Biographical details
- Born: December 7, 1955 (age 70) Summerville, South Carolina

Administrative career (AD unless noted)
- 2002–2004: Samford (associate AD)
- 2004–present: UNC Asheville

= Janet Cone =

American athletic administrator and basketball coach (born 1955)

Janet Cone (born December 7, 1955) is an American college athletic director for the UNC Asheville Bulldogs, a position she has held since 2004. In 2015, she became a member of the National Collegiate Athletic Association Division I men's basketball committee. She has also been a women's basketball coach for several teams, including Saint Leo University, Western Carolina University, Mars Hill College and Samford University, as well as an AD for some of those.

==Background==
Cone was born in Summerville, South Carolina, to Joseph and Florence Cone, who have operated a logging business since 1954. Cone attended Summerville High School, playing basketball for four years. In 1978, she graduated magna cum laude with a bachelor's degree from Furman University, where she played basketball and field hockey. She later obtained a master's degree from the University of South Carolina.

==Coaching and executive career==
From 1986 to 1990, Cone was head coach of both the Mars Hill College volleyball and women's basketball teams. She was head coach of the women's basketball team at Western Carolina University from 1990 until 1993. At Saint Leo University, she was head women's basketball coach and volleyball coach, before becoming assistant director of athletics. In 1996, Cone became the first head coach of the Samford Bulldogs women's basketball team. After five years, she was appointed associate athletics director. Since 2004, she has been athletics director for UNC Asheville.

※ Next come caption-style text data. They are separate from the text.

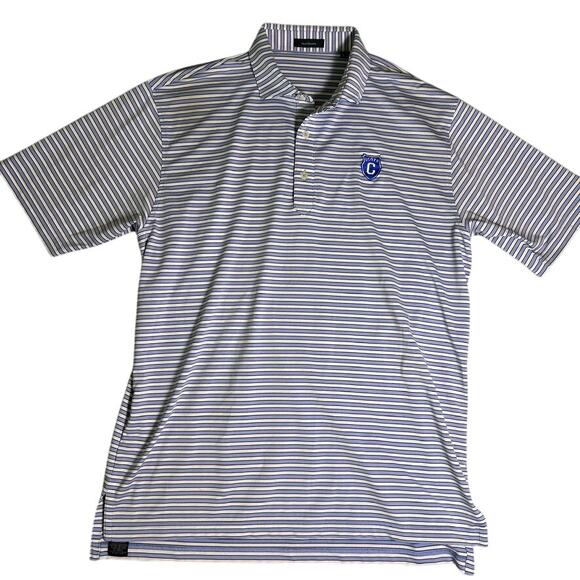 Turtleson Golf Polo Mens Large Blue White Striped Performance Country Club Prep - Picture 1 of 7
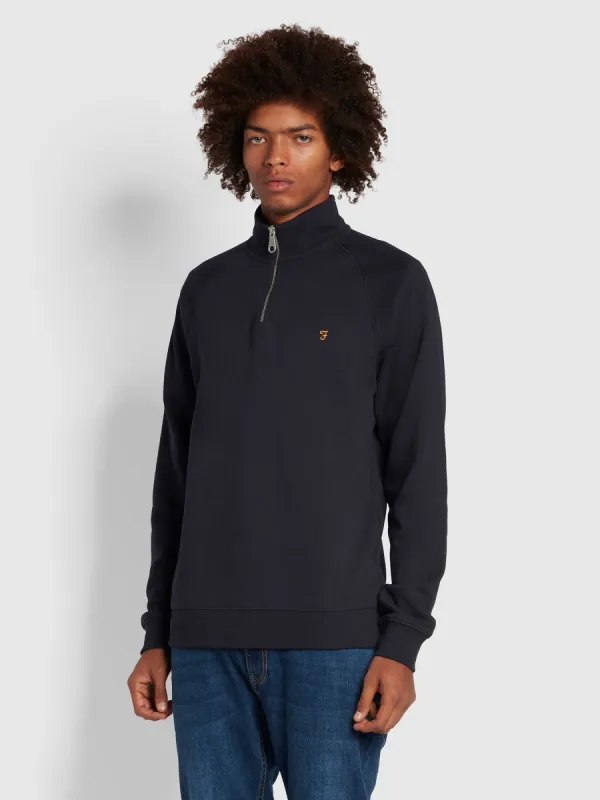 Jim Organic Cotton Quarter Zip Sweatshirt In True Navy made by Farah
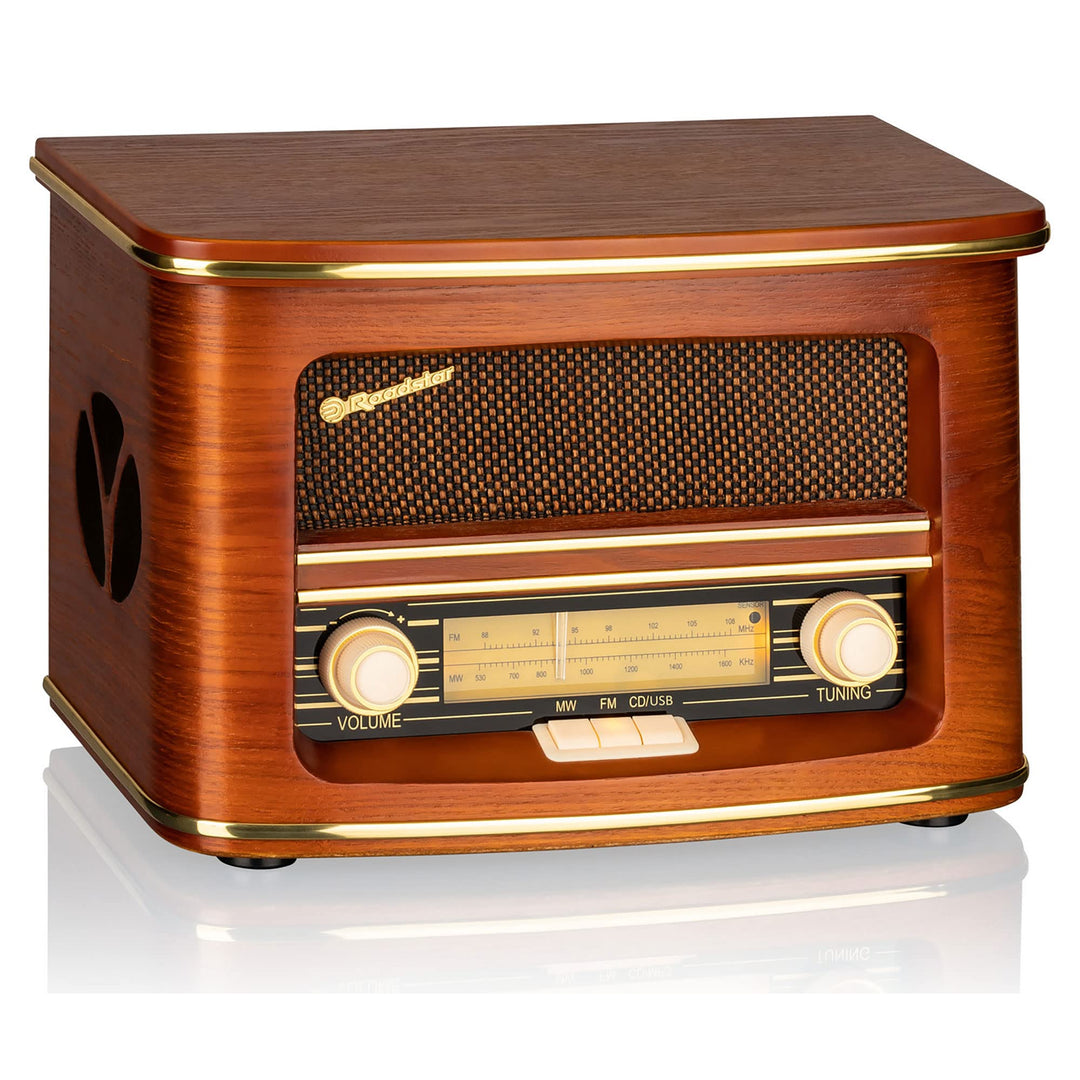 Roadstar HRA-1500UEMP Tragbares CD-Radio Vintage FM/MW, CD-MP3-Player, USB Aufnahmefunktion, Stereo,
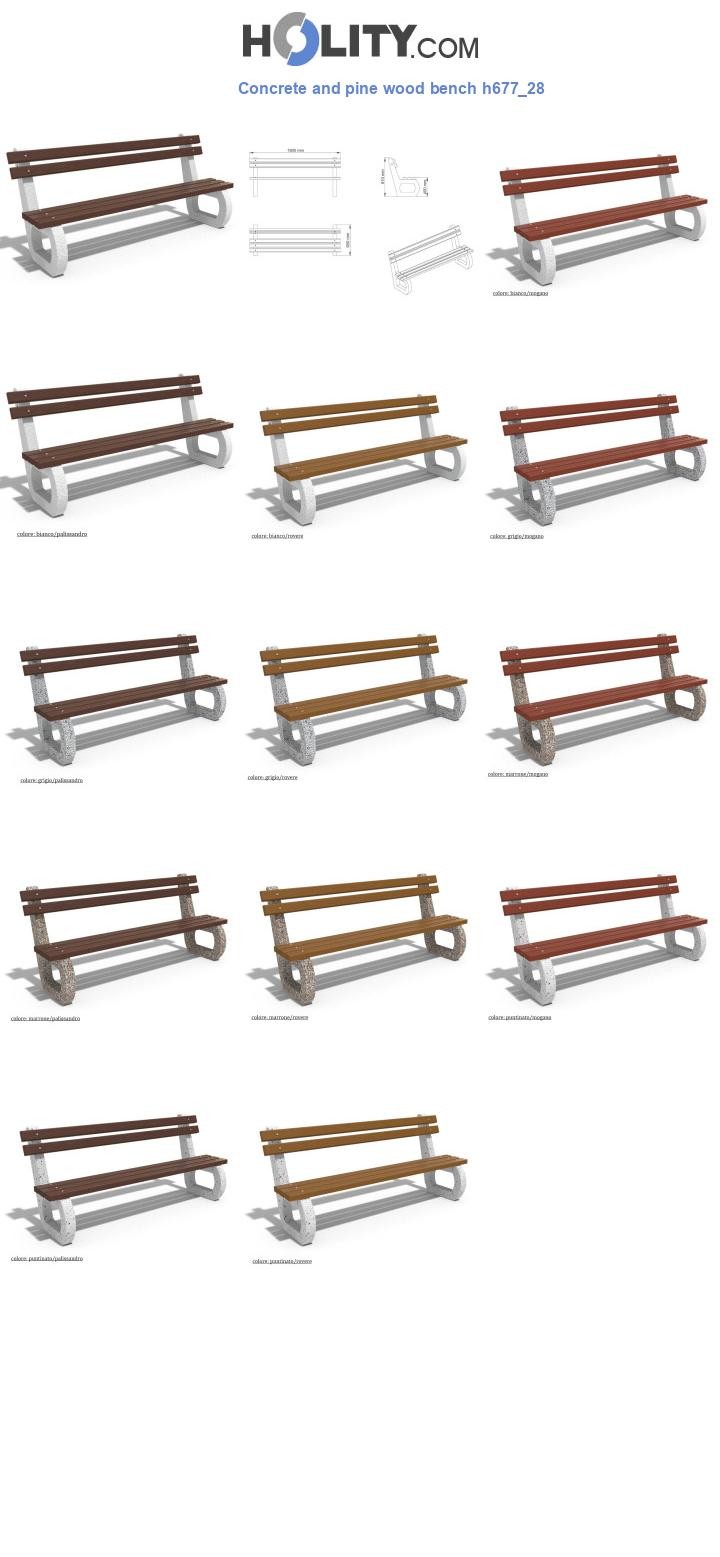 Concrete and pine wood bench h677_28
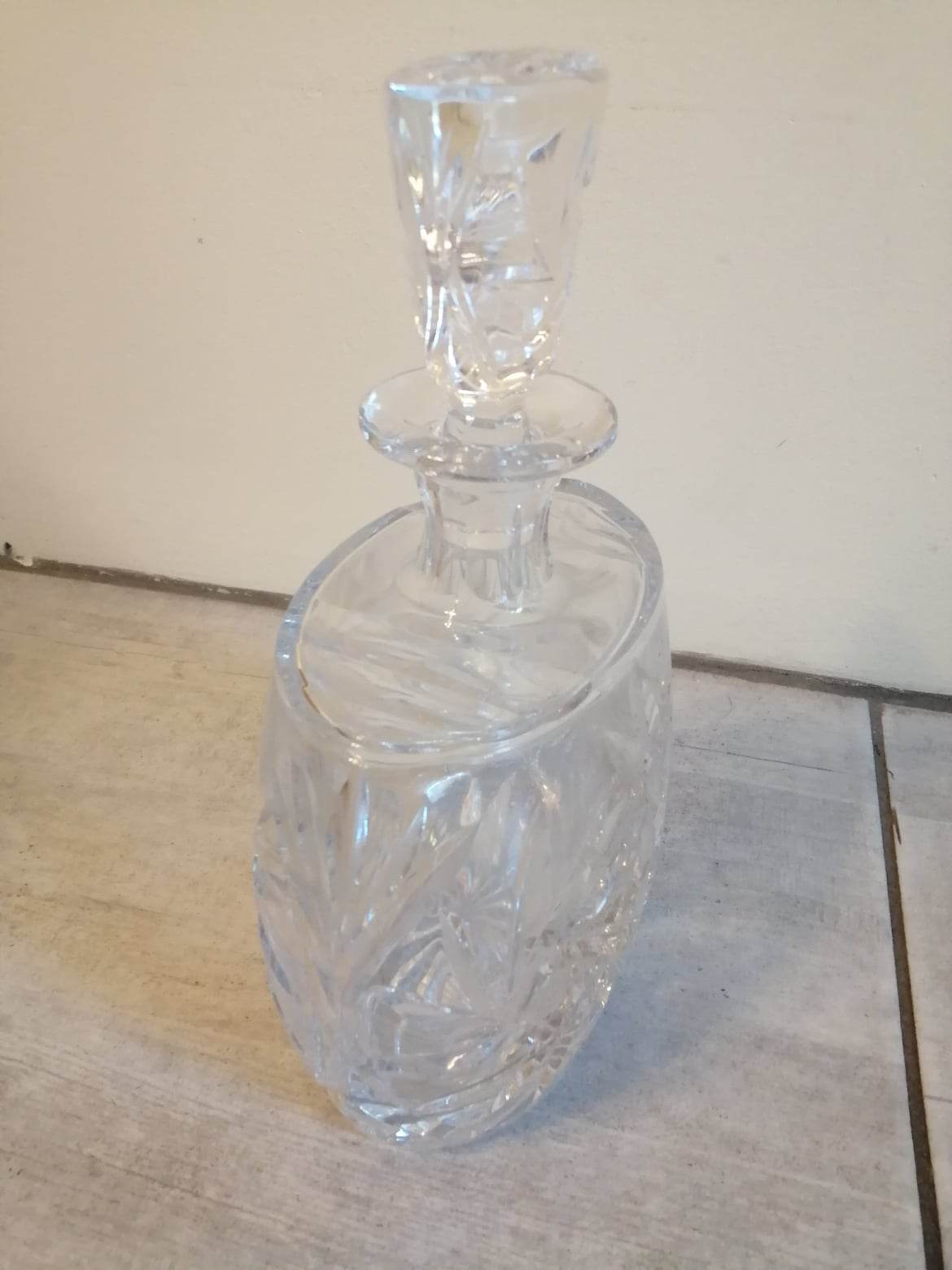 Oval Whisky Carafe in Cut Crystal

While at UNC Ashville, Cone has managed to get its women's golf program into the 2016 NCAA Division I, only the second sport added since 2010. She also revived the women's swimming program in 2012, the first time that the UNCA athletics department had added a sport in 20 years.

In 2013, Cone was one of only 28 directors of athletics to be named as Under Armour AD of the Year by the National Association of Collegiate Directors of Athletics. In September 2015, Cone became the only woman added to the NCAA Division I men's basketball committee, which selects and seeds the teams for NCAA Men's Division I Basketball Championship. Her tenure is expected to be ten years.